Pagliarelli
- Location: Palermo, Sicily, Italy;
- Capacity: 1166
- Population: 1489 (31 August 2026)
- Opened: 1996
- Managed by: Department of Prison Administration
- Governor: Maria Luisa Malato

= Pagliarelli Prison =

Prison in Palermo, Italy

The Pagliarelli Prison, officially the casa circondariale "Antonio Lorusso", is a prison in the Pagliarelli neighbourhood of Palermo, Sicily, Italy.

==History==
Pagliarelli was built in 1980, became operational in 1996 and it is adjacent and adjoined to the Tribunal of Palermo. The prison is situated behind the mountain ranges of Madonie and is a very large structure of reinforced concrete (RC), for both men and women, in the chief town of the island.

Pagliarelli is divided into 8 departments: Scirocco (Maestrale and Libeccio), South (or “Mari”: Tirreno, Adriatico and Ionio), and Est (or “Pianeti”: Marte, Plutone and Giove) with a total of almost one thousand inmates. Some rules of the institute seem to be very punitive as regards improper and prohibited behaviours.

In June 2015, an Albanian was discovered (and filmed by cameras) just in time during a jailbreak, and just after was killed by the owner of the house he was robbing.

==The prison today==
Pagliarelli is a maximum security prison holding prisoners from all over Italy. Moreover, Pagliarelli is a local prison, accepting different categories of prisoners and from different countries, especially from Romania and Tunisia. In addition the establishment serves the Tribunal, the Judiciary of Surveillance (Ufficio di Sorveglianza) and UEPE.
Accommodation at the prison is a mixture of approximately 70% multi-occupancy cells and 30% single cells, distributed mainly across 3 residential units.

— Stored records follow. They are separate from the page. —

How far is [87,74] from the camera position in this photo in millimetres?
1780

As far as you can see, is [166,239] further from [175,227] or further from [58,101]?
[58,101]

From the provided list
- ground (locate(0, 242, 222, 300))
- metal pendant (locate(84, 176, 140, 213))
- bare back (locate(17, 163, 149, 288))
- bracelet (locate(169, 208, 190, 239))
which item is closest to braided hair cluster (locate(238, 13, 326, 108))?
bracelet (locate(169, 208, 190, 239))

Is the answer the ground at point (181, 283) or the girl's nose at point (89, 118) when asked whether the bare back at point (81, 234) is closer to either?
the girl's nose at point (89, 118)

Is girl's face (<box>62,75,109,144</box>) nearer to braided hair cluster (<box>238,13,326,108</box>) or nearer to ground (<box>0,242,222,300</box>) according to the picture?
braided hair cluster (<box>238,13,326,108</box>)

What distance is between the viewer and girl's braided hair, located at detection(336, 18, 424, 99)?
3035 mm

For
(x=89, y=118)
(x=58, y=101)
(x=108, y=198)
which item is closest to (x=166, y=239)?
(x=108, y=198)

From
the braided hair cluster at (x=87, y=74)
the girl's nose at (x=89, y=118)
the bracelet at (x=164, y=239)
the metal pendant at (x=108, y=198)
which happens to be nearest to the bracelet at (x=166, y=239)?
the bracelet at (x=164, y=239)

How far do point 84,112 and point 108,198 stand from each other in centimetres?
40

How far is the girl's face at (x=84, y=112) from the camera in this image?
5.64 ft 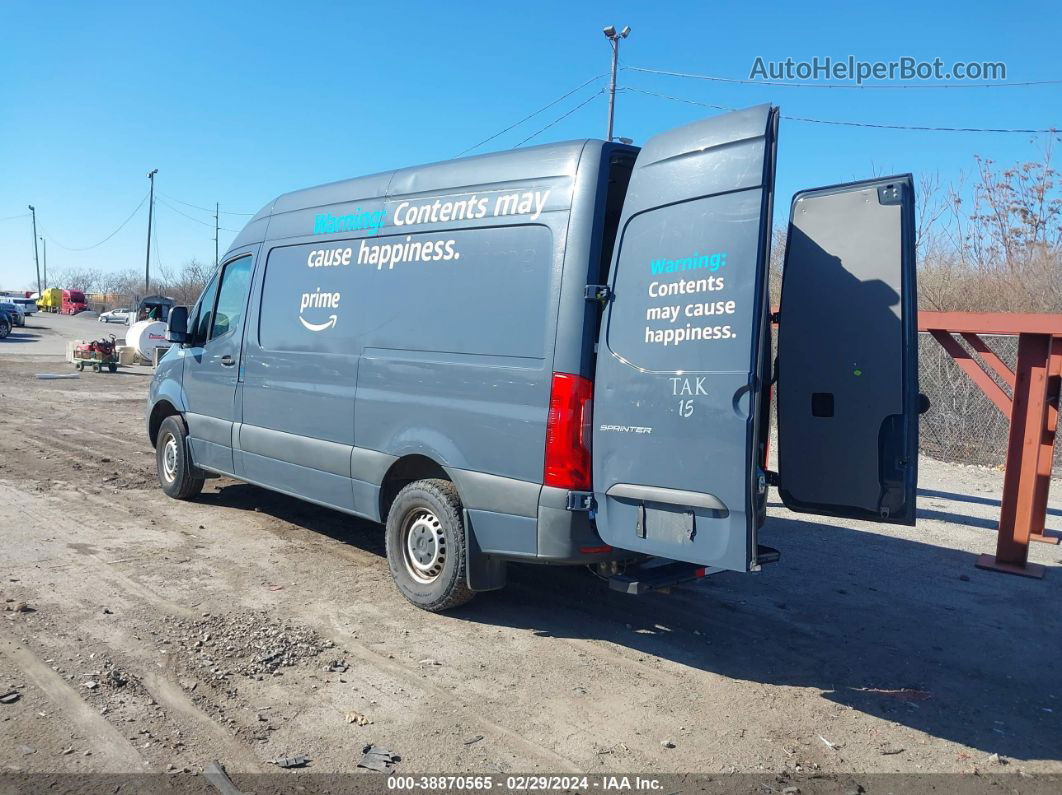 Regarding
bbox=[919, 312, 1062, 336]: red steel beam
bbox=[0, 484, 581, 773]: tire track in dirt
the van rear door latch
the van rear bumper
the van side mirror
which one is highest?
bbox=[919, 312, 1062, 336]: red steel beam

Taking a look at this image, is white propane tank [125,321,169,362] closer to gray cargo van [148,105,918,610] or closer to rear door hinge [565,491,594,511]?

Inmates at Pagliarelli are offered access to education, workshops and two gyms, with one focusing on physical education courses.

==Capacity and overcrowding==
The Department of Prison Administration of the Italian Ministry of Justice gives the prison a regulatory capacity of 1,166 places. On 31 August 2026 it held 1,489 inmates, among them 111 women and 185 foreign nationals. Regulatory capacity is calculated on a standard of 9 square metres for the first occupant of a cell and 5 square metres for each of the others, a more generous standard than the 6 plus 4 square metres used by the Committee for the Prevention of Torture, and it does not take account of places temporarily out of use.

Pino Apprendi, the prisoners' ombudsman for the city of Palermo, said in July 2026 that the prison then held 1,406 inmates against 1,147 places, and that overcrowding was compounded by summer heat, by a rule barring fans from the cells, and by a shortage of prison officers.